KT agreed to pay approximately $3.5 million in civil penalties and $2.8 million in disgorgement, the SEC announced Thursday. The company neither admitted nor denied the agency’s findings in reaching settlement.

KT violated the books and records and internal accounting controls provisions of the FCPA when it “engaged in multiple schemes to make improper payments” in the Republic of Korea and Vietnam, according to the SEC. The company was further faulted for having no anti-corruption policies or procedures concerning donations, employment candidates, vendors, subcontractors, or third-party agents.

Korea bribery schemes: From at least 2009 through 2017, KT executives “maintained slush funds, comprised of both off-the-books accounts and physical stashes of cash, in order to provide items of value to government officials,” the SEC’s order stated. “These included gifts, entertainment, and, ultimately, illegal political contributions to members of the Korean National Assembly serving on committees relevant to KT’s business.”

From 2009-13, a former KT executive and another senior executive orchestrated a scheme in which slush fund amounts were booked as executive bonuses, “even though the money was used for gifts and for payments to government officials,” the order stated.

When media reports revealed the scheme in 2013, KT officials allegedly devised a new method to continue generating a slush fund by purchasing gift cards, which—through colluding with a particular vendor—were then converted to cash and used for a new slush fund.

“KT booked the gift card expenses used to fund the slush fund as either ‘research and analysis’ or ‘entertainment,’” according to the SEC. This alleged activity occurred from 2014-17.

In November 2021, South Korean authorities indicted KT and 14 executives for criminal violations related to illegal political contributions from the slush funds.

Additionally, between 2015 and 2016, KT made more than $1.6 million in payments to three organizations at the request of high-level government officials, according to the SEC.

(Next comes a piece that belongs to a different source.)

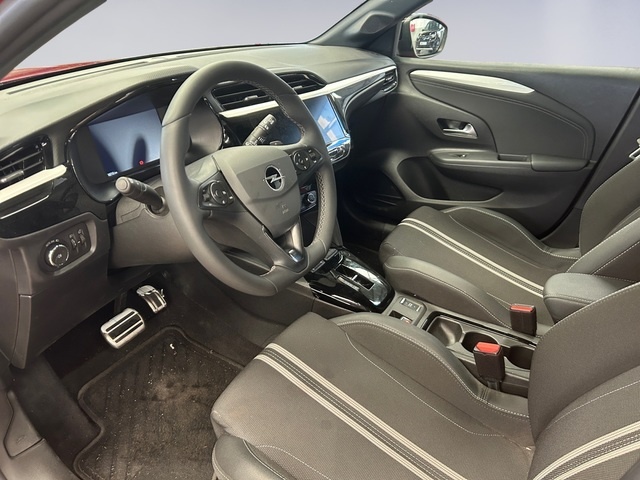 Opel Corsa 1.2T XHL Hybrid GS eDCT 74 kW (100 CV) Vehículo usado en Las Palmas - 9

“KT took no steps to determine if the payments were legitimate donations, rather than illicit payments made at the behest of government officials,” the agency’s order stated.

Vietnam bribery schemes: Between 2014 and 2018, KT employees internally discussed providing money to third parties connected to government officials in Vietnam in exchange for contracts for two projects, according to the SEC. The first was a solar power project with the People’s Committee of Quang Binh province in Vietnam, and the second was with the Vietnam Ministry of Labor, Invalids, and Social Affairs to provide hardware, software, and training for five vocational colleges.

“At the time, KT lacked sufficient internal accounting controls regarding third parties and (had) no relevant compliance policies regarding due diligence,” the order stated. “Moreover, KT took no meaningful steps in response to allegations of improper payments in connection with the contracts.”

Cooperation and remediation: While KT did not self-report the alleged violations, it did cooperate with the SEC’s investigation by providing translations or summaries of some relevant documents, certain facts developed in its own internal investigation, and making certain current and former employees available to the agency staff, the SEC noted.

KT further terminated certain employees responsible for the alleged misconduct and enhanced its internal accounting controls, code of conduct, policies and procedures regarding expenses, and anti-bribery training.

“KT continues to remediate its process around anti-corruption risk assessments, the effectiveness of its audit program, and other internal accounting controls relating to third parties and procedures for regular testing of its internal accounting controls,” the order stated.